2009 single by Daniel Merriweather

"Red" is the second single released by Daniel Merriweather from his second album, Love & War. The single was released on 18 May 2009. Written by British songwriter Scott McFarnon, it was produced by Mark Ronson, like the rest of the songs on this album. It was released on the Columbia record label.

== Content ==
Merriweather said that this song "is about the blindness of war and the absence of compassion displayed by western administrations. And Communism, specifically communism in Romania. Mainly about Vatra Dornei region."

== Music video ==
The video for the song was shot in Brooklyn, New York and was directed by Anthony Mandler.

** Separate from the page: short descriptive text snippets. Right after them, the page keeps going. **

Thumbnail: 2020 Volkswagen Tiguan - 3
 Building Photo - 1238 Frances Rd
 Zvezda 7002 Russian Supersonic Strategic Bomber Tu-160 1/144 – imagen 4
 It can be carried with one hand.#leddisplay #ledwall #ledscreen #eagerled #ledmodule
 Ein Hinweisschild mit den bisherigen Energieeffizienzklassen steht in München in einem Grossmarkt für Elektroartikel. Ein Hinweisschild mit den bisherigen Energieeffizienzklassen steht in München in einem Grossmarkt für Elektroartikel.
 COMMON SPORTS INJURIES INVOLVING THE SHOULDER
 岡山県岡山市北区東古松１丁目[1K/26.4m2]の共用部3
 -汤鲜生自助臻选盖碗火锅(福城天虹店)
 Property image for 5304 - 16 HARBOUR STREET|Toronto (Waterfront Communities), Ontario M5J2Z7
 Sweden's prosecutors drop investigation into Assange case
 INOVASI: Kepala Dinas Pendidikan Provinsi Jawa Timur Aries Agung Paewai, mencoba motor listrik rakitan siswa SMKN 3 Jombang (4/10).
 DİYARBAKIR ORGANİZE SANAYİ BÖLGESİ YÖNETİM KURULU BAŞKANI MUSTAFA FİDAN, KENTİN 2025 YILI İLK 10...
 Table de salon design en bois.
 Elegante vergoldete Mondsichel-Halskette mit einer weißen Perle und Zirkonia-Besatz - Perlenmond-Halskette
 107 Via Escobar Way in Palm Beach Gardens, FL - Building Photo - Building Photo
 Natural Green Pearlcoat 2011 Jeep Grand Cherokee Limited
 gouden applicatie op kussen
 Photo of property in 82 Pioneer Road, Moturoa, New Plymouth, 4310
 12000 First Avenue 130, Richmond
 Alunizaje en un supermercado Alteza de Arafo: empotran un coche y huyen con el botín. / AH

The video is made up mostly of scenes showing Merriweather and his on-screen girlfriend in a dark apartment. The video shows the emotional strain that is taking its toll on their relationship. It shows their anger and frustration with each other. Merriweather is also seen sitting alone in the corner of a dark room as images are projected over the wall behind him. The images depict bullets shooting through glass as well as fire. These scenes are interspersed with shots of Merriweather in a dark, abandoned warehouse. He is also seen walking the streets of Brooklyn. Though the overall colour palette of the video is quite dark and dreary, hints of red are used throughout the video in the clothing Merriweather wears, the lighting in one of the rooms, as well as some of the images projected on the wall.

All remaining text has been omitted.